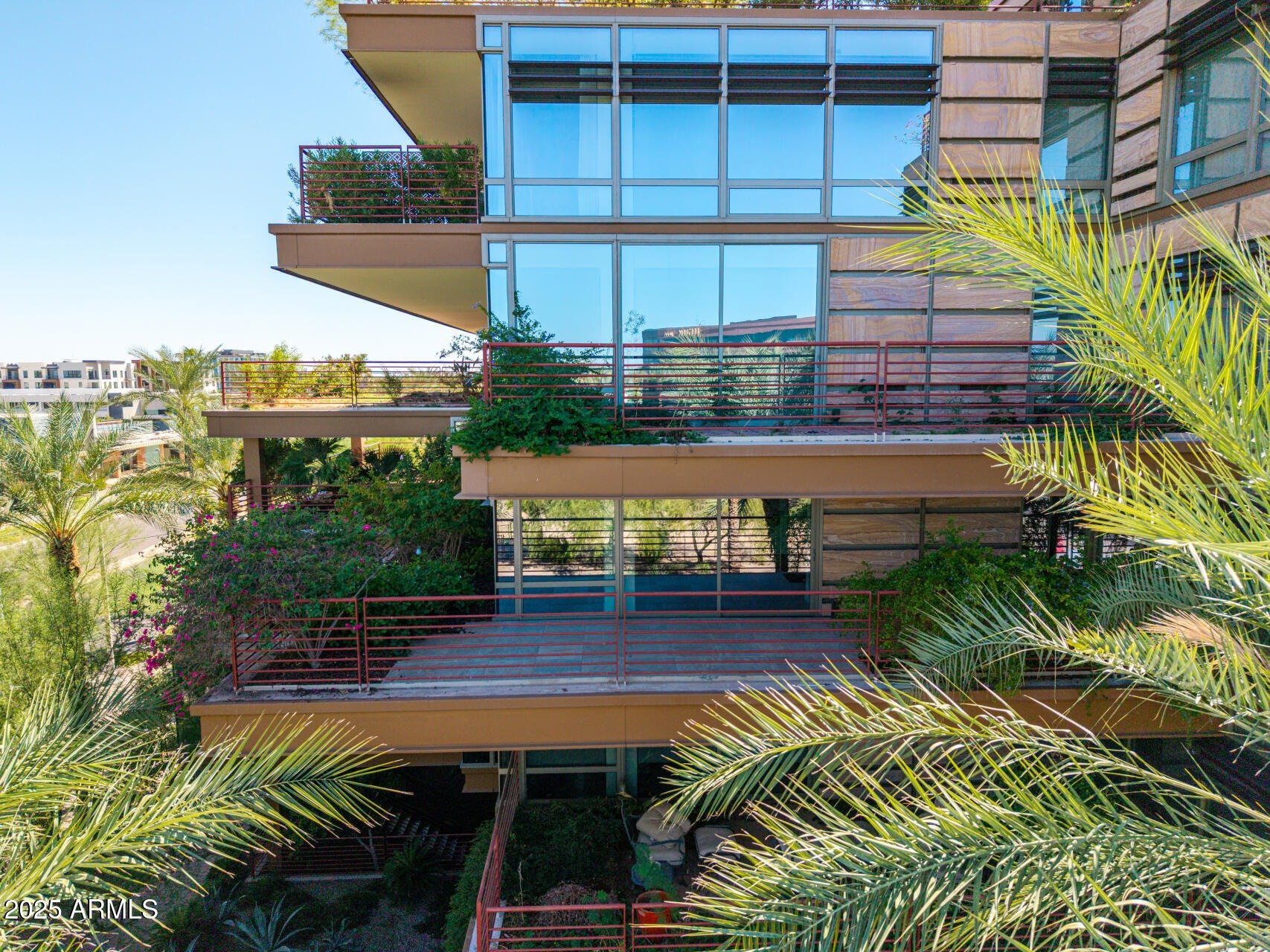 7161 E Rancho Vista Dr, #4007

----

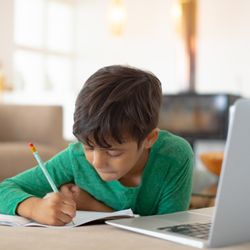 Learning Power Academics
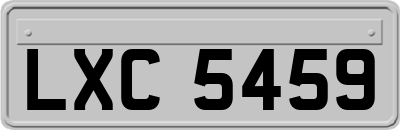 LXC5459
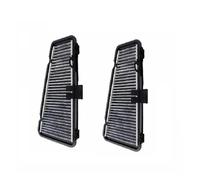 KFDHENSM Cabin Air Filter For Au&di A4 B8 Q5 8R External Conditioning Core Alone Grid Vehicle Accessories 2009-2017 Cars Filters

----

TASK OBJECTIVE: Going by the data above, give back only the lines from the one containing "Learning Power Academics" through the one containing "KFDHENSM Cabin Air", exactly as they stand, both ends included and no images.

RESPONSE:
 Learning Power Academics
 LXC5459
 KFDHENSM Cabin Air Filter For Au&di A4 B8 Q5 8R External Conditioning Core Alone Grid Vehicle Accessories 2009-2017 Cars Filters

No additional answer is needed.